We’re all gung-ho on metadata as a way of adding richness to the “mere” words in Web content. But are links themselves content?
In most cases, yes. Links add richness, depth, and realness to a Web site. They acknowledge that more exists online than that specific page. If the reason you’re visiting that page is to find out more on a topic, links are usually of value.
At least in principle. And we know someone who’s making us quite a bit more aware of what the principles really are. Kirk McElhearn, writing in Tidbits, drops a few bons mots about links as an end to themselves:
[L]inks are easier to generate than content, particularly quality content. It is worth considering whether or not this practice merely meets the demands of users. Do people value a long list of links more than a long article? In many cases, yes, because a list of links offers unlimited promise without the immediate responsibility of reading and comprehending text. People are seldom interested in reading long texts online, so maybe lists of links are the only thing that meet the requirement that content be both copious and free.
Aha. And here’s another goody:
In large part, venues that use links sparingly and appropriately have editors who focus on original content.

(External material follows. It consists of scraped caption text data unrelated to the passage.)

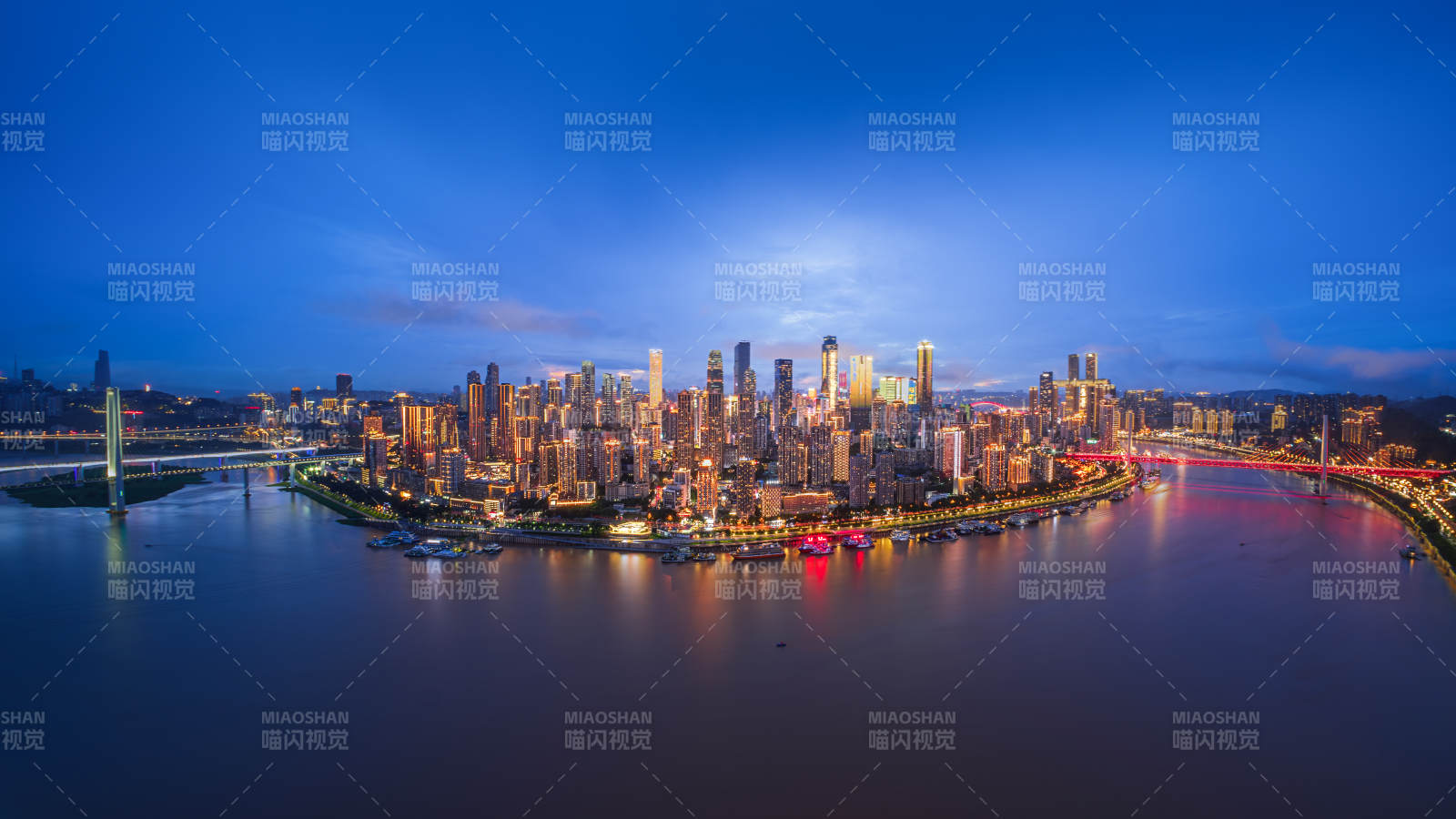 重庆夜幕下的城市灯火辉煌图片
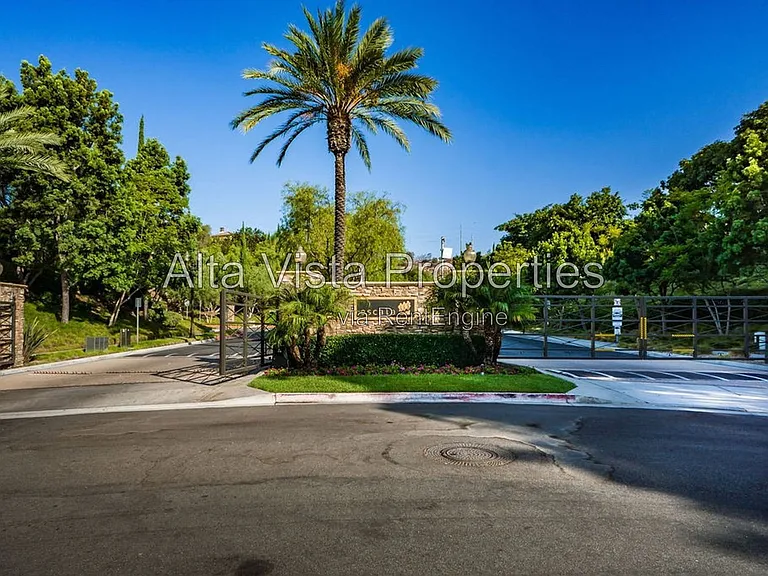 2785 Matera Ln — Photo 28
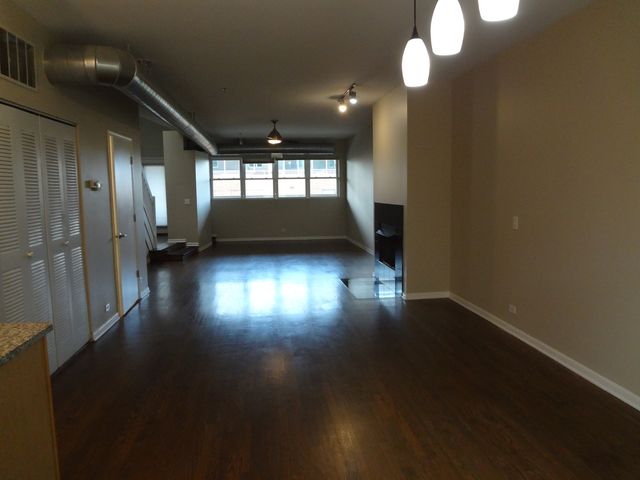 1834 Ridge Avenue 137, Evanston, IL 60201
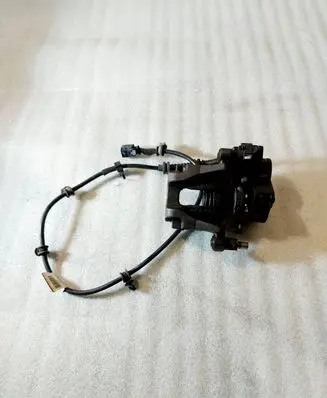 Chrysler Pacifica Rear brake caliper 805198532 PA66GF25 20180329
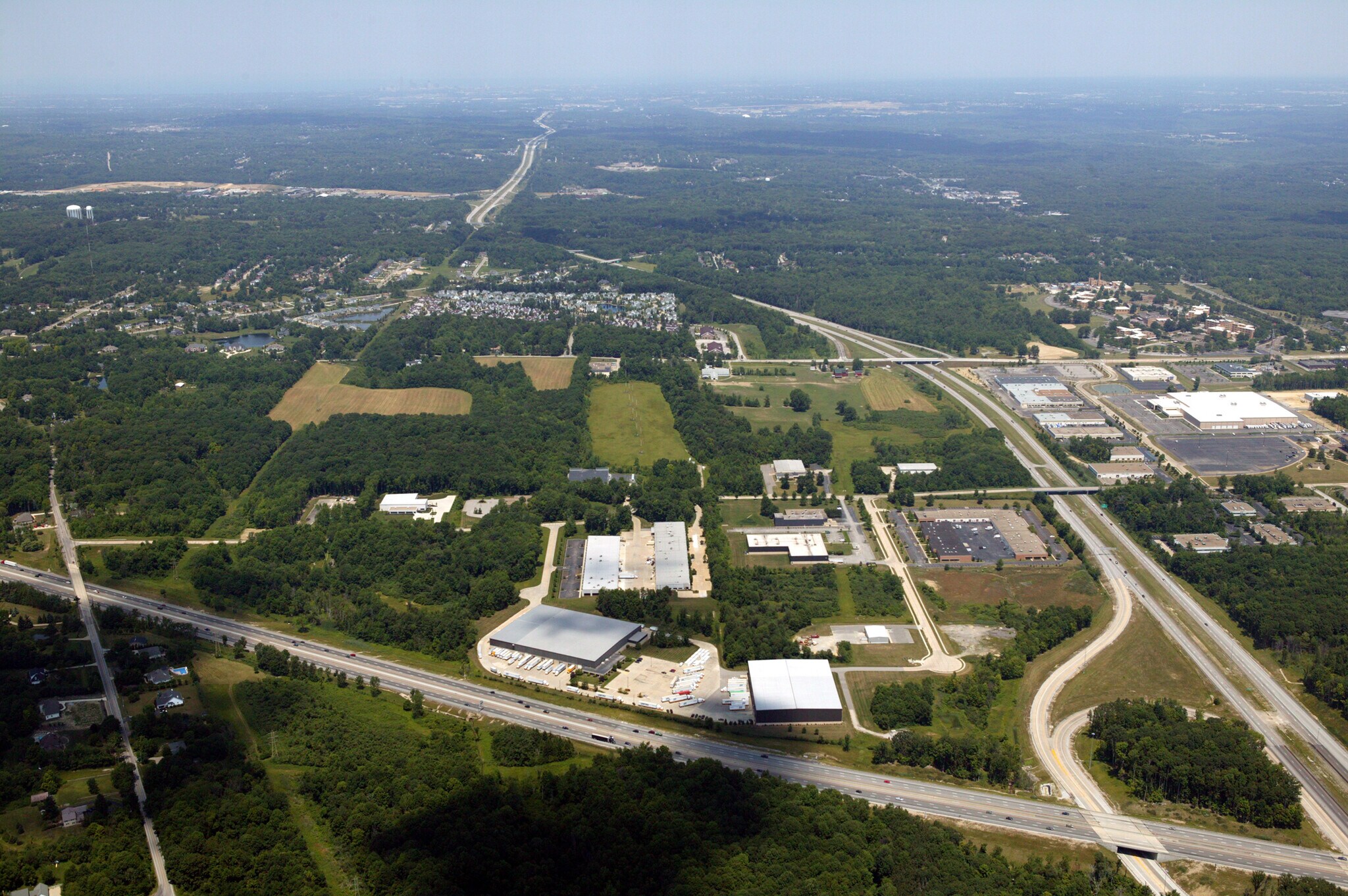 S Edgerton Rd, Brecksville, OH à vendre Photo principale- Image 1 de 2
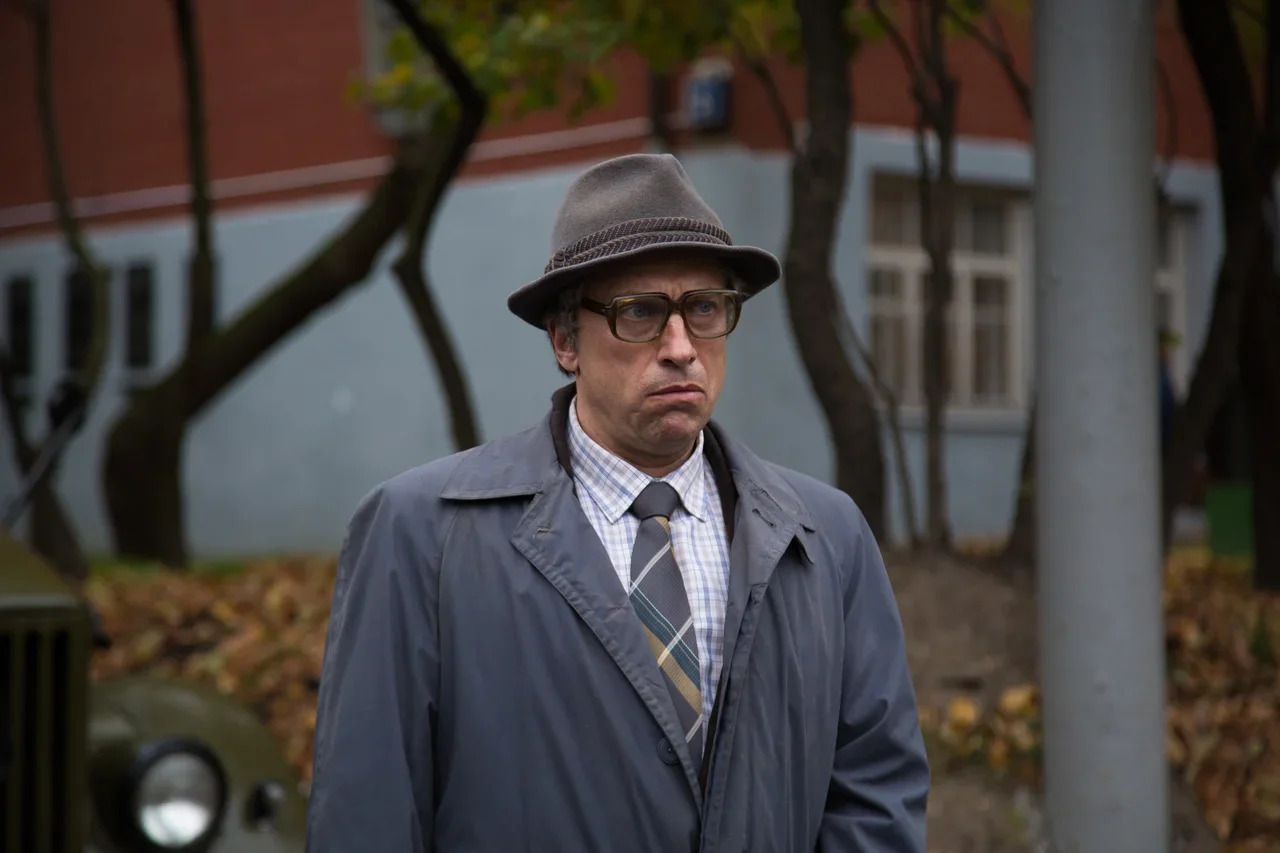 6 мая на платформе Okko вышла финальная серия «Чикатило» с Дмитрием Нагиевым. Сериал получил низкий рейтинг (5,9 на КиноПоиске) и преимущественно плохие отзывы от критиков, а заодно вызвал полемику о том, как серийных убийц нужно освещать в художественных произведениях. Выбрали семь документальных фильмов и сериалов о маньяках, которые можно считать образцовыми по подходу к теме и подаче материала. И объясняем, почему они понравятся и поклонникам жанра true crime и просто тем, кто интересуется историями про серийных убийц.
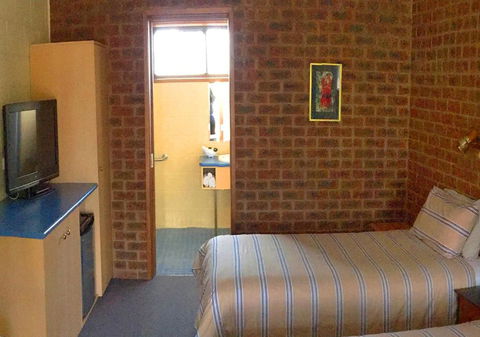 Milawa Motel - Broome Tourism 1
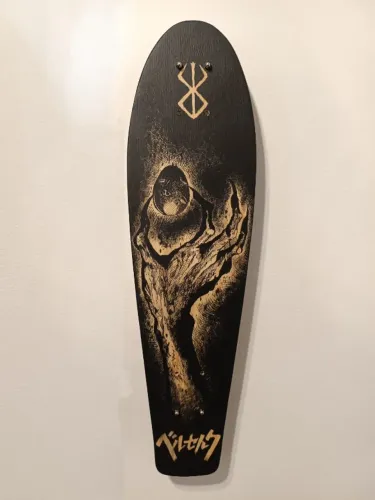 Shape de Skate Decorativo Pintado à Mão (Berserk) + Suporte de Parede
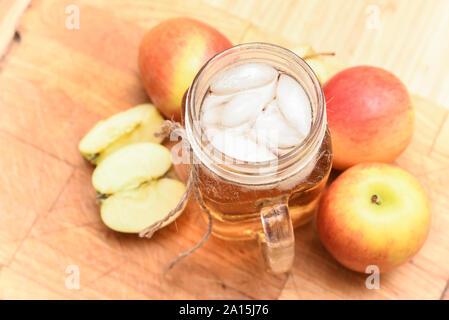 Le jus de pomme fait maison cuisine à domicile avec des pommes coupées sur la table Banque D'Images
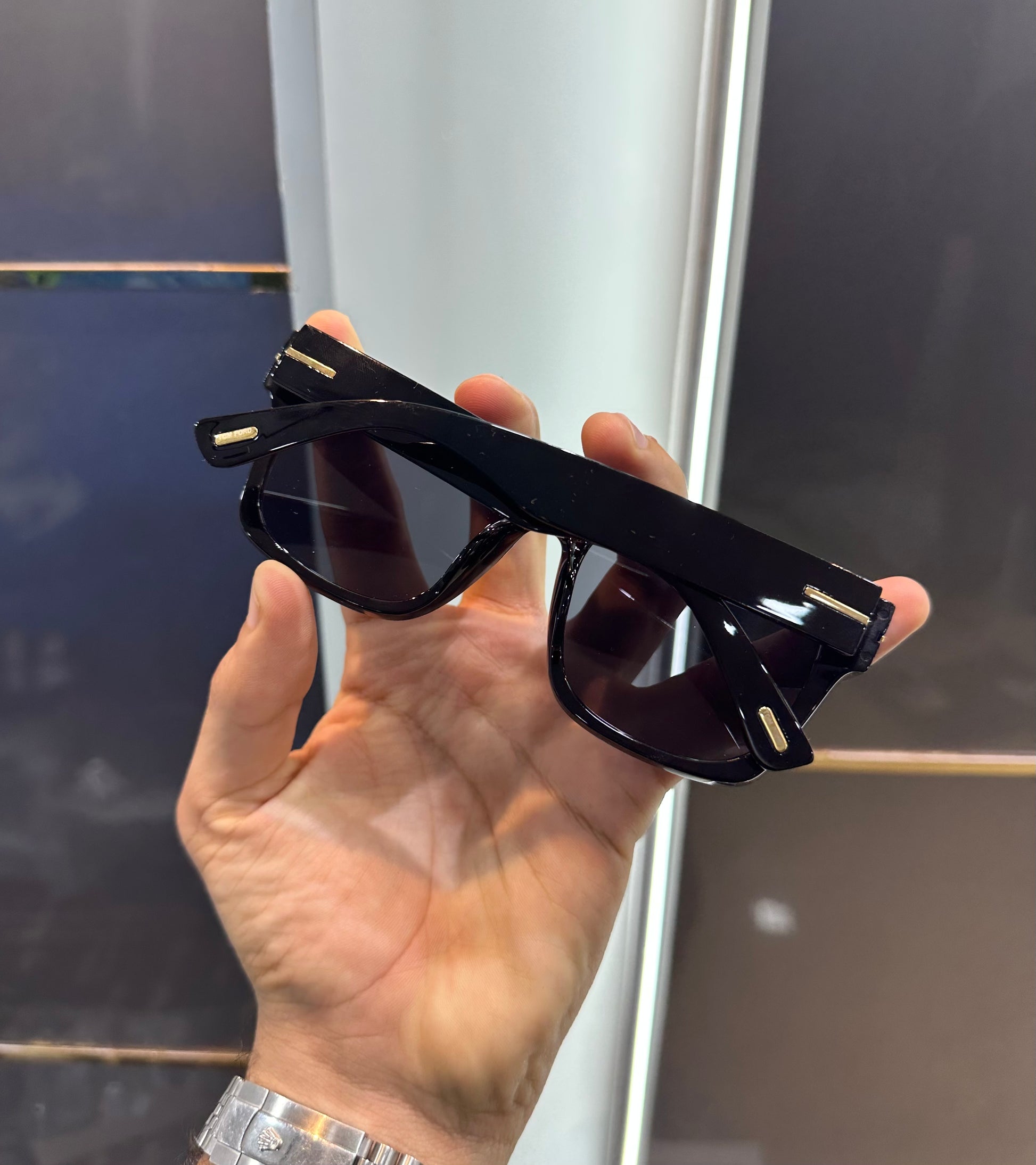TOM FORD LUXURY EDITION SUNGLASSES WITH OG BOX KIT Urban Classics Store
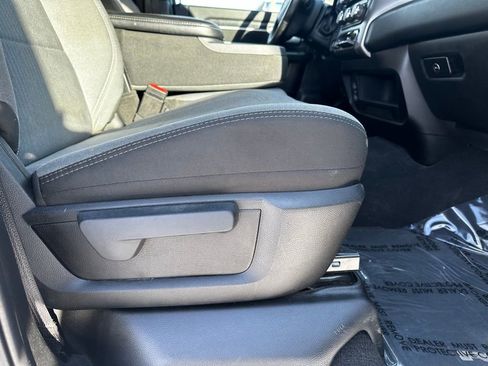 Used 2024 RAM 3500 Big Horn image 26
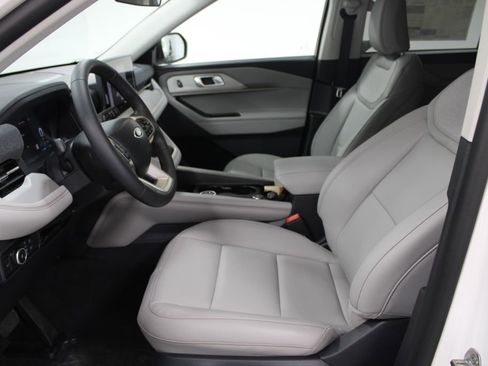 New 2026 Ford Explorer Active RWD image 21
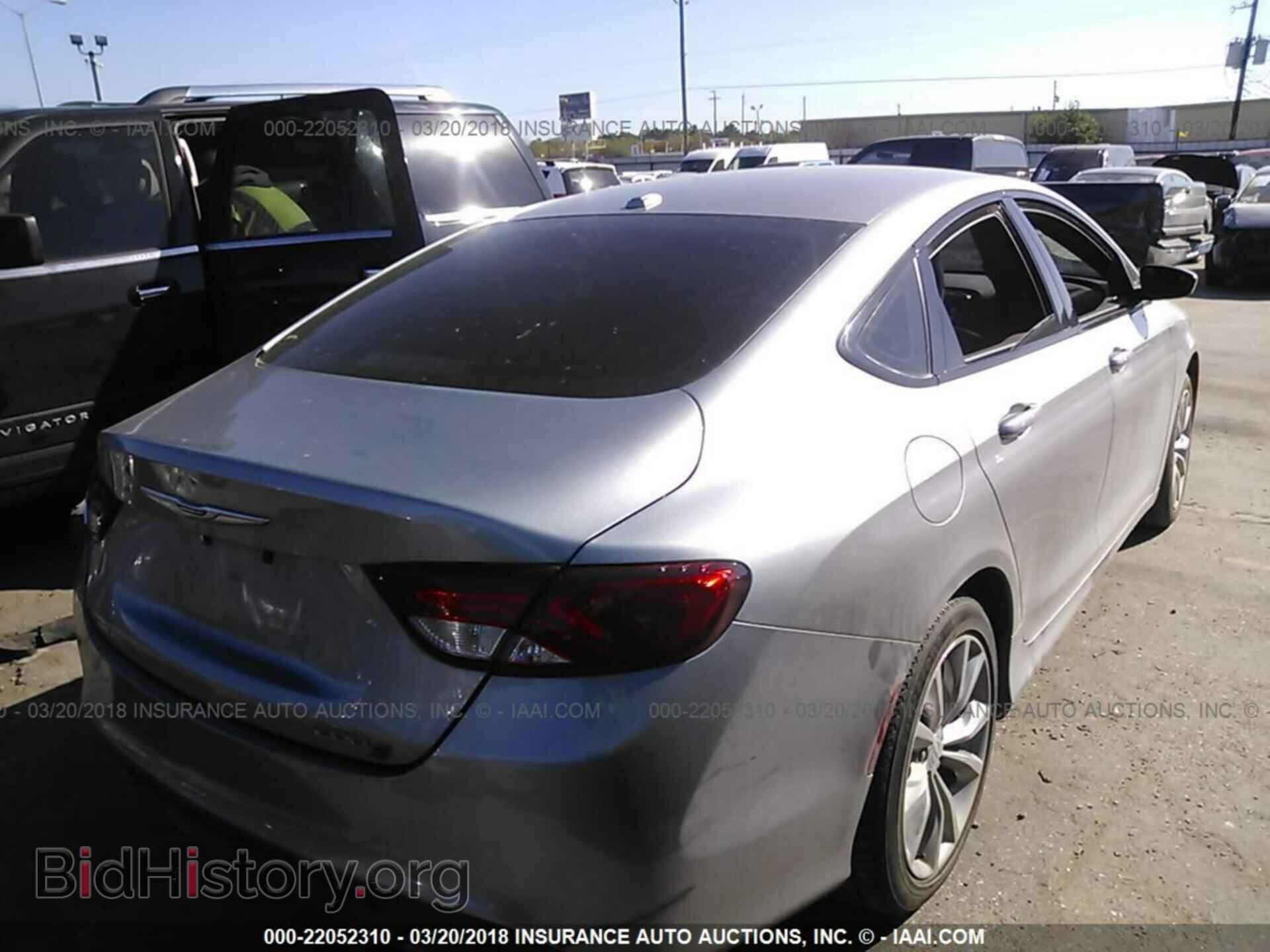 2015 Chrysler 200 - VIN: 1C3CCCBB0FN701674 - Photo 4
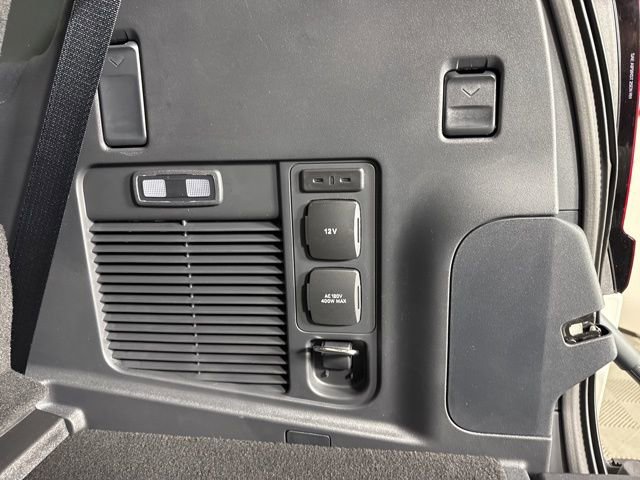 New 2025 Ford Expedition Active image 27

Although anyone can be a publisher on the Internet, it seems that all too few people can be editors on the Internet.
Finding appropriate links for a NUblog entry has been known to take us 150% of the time required to write it in the first place. Though we don’t hold a candle to Mac the Knife, who uses links as a sort of ironic distancing mechanism, we like to think we add links judiciously. It does take restraint. (Except for the time we engaged in an experiment and wrote a diary entry with fully 240 links.)
From a production standpoint, you need to build time into the critical path to add appropriate links. It’s not enough for your content staff to write as if they were producing a document for print, where the words they write are all the information available. Your writers (or editors, or programmers) need to add hyperlinks and other meta-information. It’s usually the first thing to suffer in a rush job. (Actually, all HTML attributes fly by the wayside then: Everything looks like a quickie export from Microsoft Word, which you can actually verify by viewing the source code.) We’ve actually read corporate press releases, for example, that don’t even link to the product pages they’re talking about.
We trust it’s self-evident that a content site without links to the outside world is a waste of time. This is the Internet: You’re supposed to link externally, and no, it won’t tarnish your “brand” image, and no, refusing to provide links will not force people to remain at your site, enhancing its “stickiness.”
In fact, if you provide good content and good links, people are more likely to come back. Why? Because they know you give your readers some credit. Encouraging readers to leave your site in turn encourages them to come back. This isn’t the checkout counter at the grocery store. You don’t lose your position in queue by jumping to another one.